-- Opening Marker --

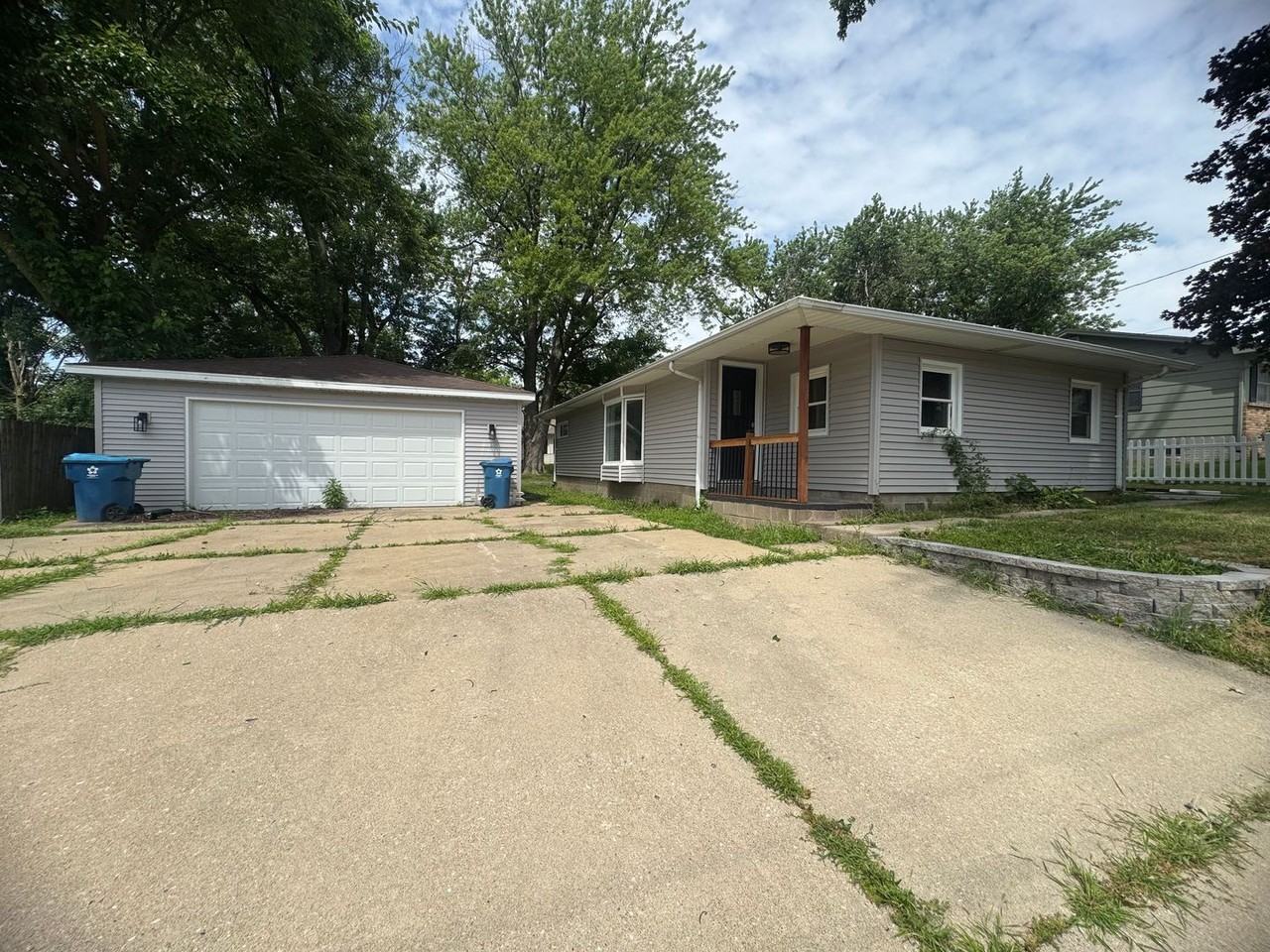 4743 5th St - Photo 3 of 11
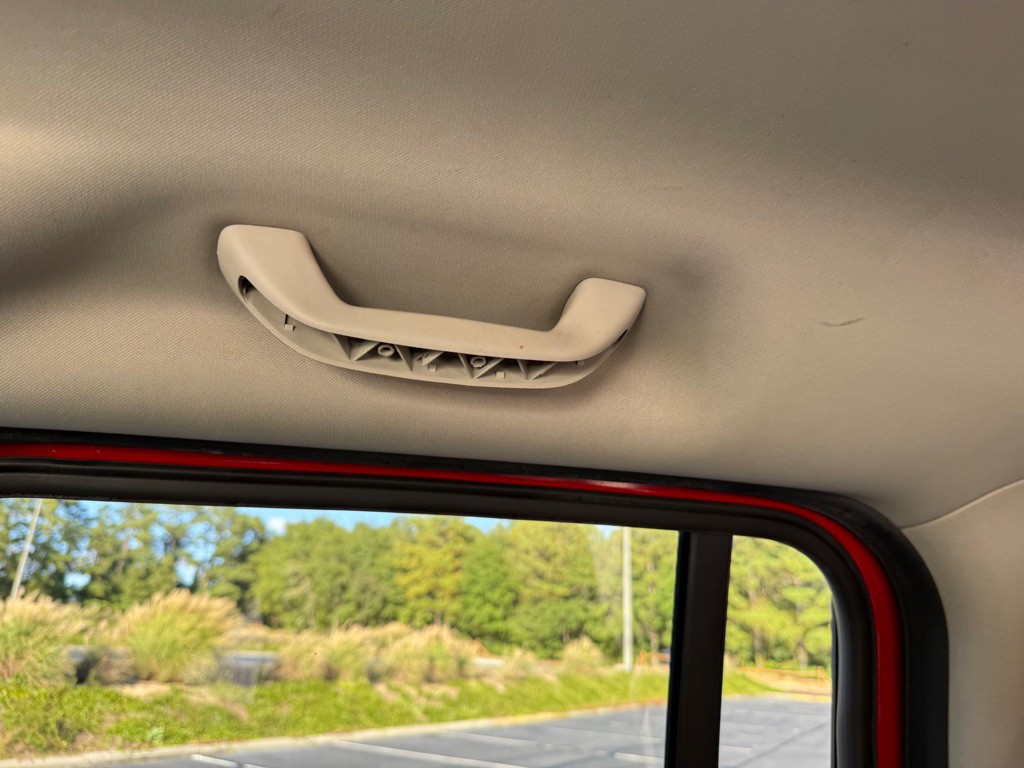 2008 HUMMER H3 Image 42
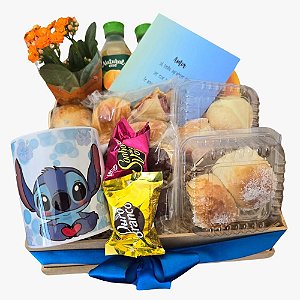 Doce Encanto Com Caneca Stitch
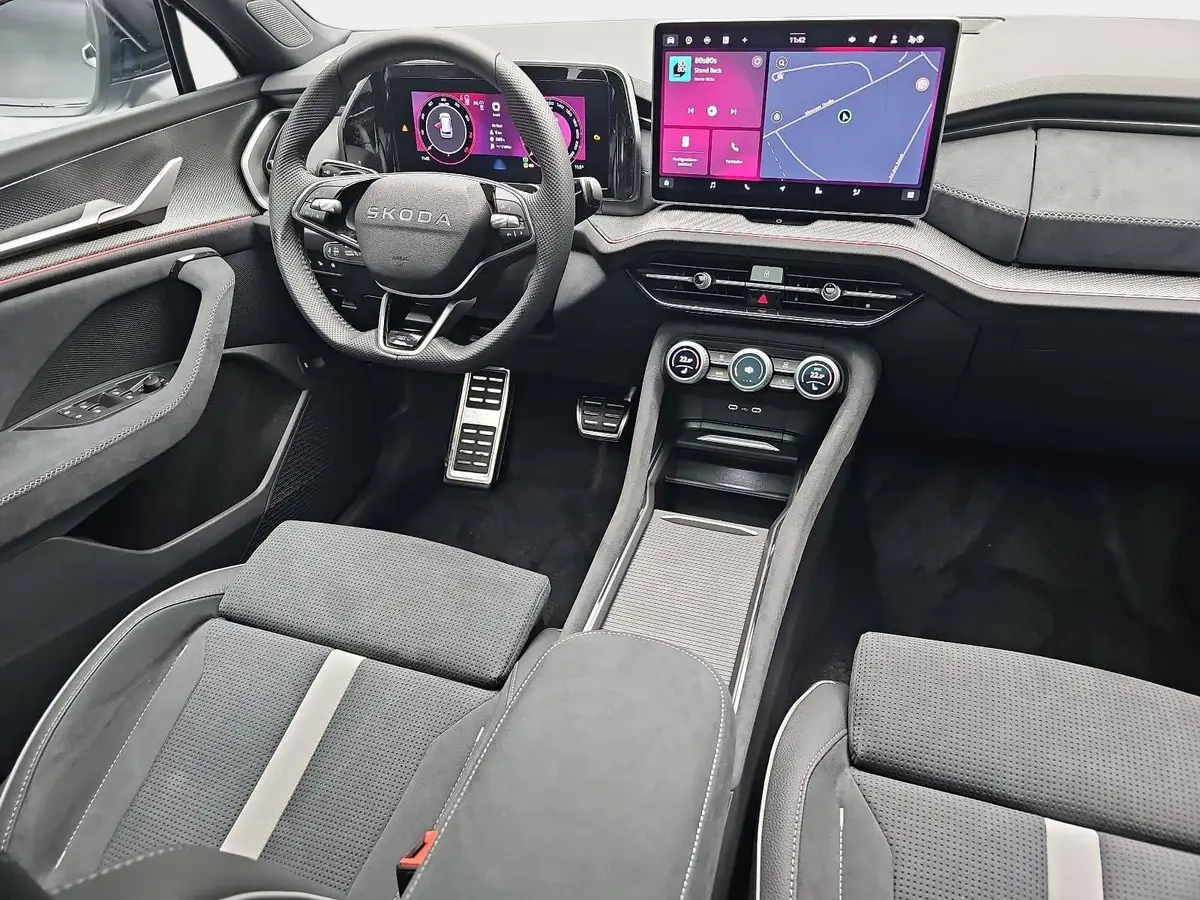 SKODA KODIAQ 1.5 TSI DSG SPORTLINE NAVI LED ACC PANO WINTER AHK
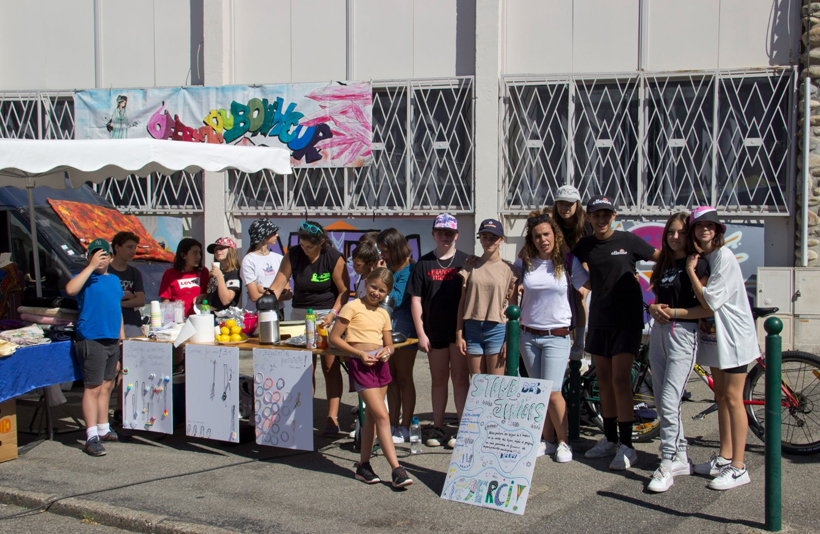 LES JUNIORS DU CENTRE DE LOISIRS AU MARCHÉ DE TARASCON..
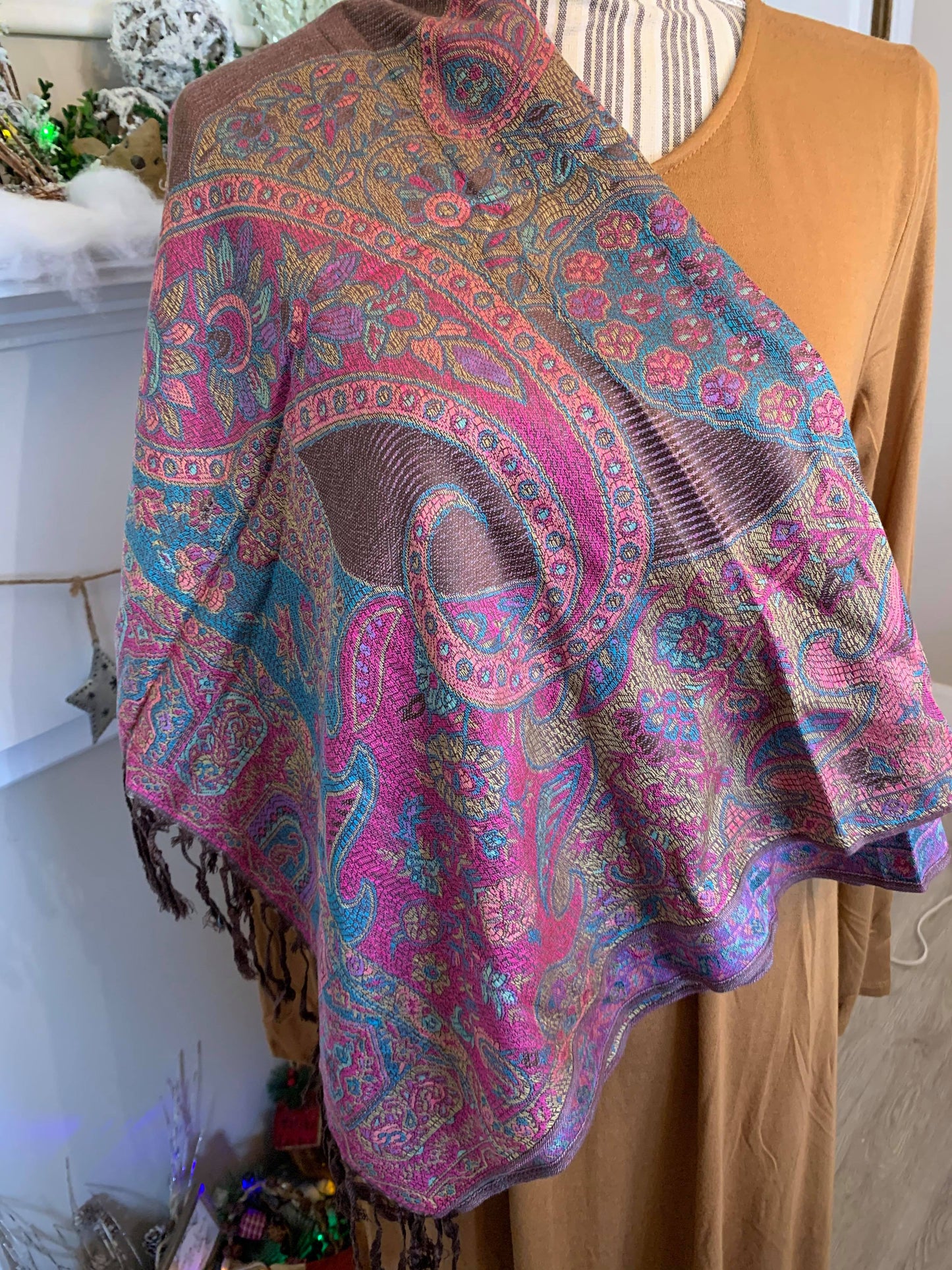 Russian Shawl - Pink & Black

-- Closing Marker --

> _WHAT IS NEEDED_:
Would you restate word for word each line from the one that holds "SKODA KODIAQ 1.5" to the end of the material, both ends included, without the pictures?

> _RESPONSE TO THE TASK_:
 SKODA KODIAQ 1.5 TSI DSG SPORTLINE NAVI LED ACC PANO WINTER AHK
 LES JUNIORS DU CENTRE DE LOISIRS AU MARCHÉ DE TARASCON..
 Russian Shawl - Pink & Black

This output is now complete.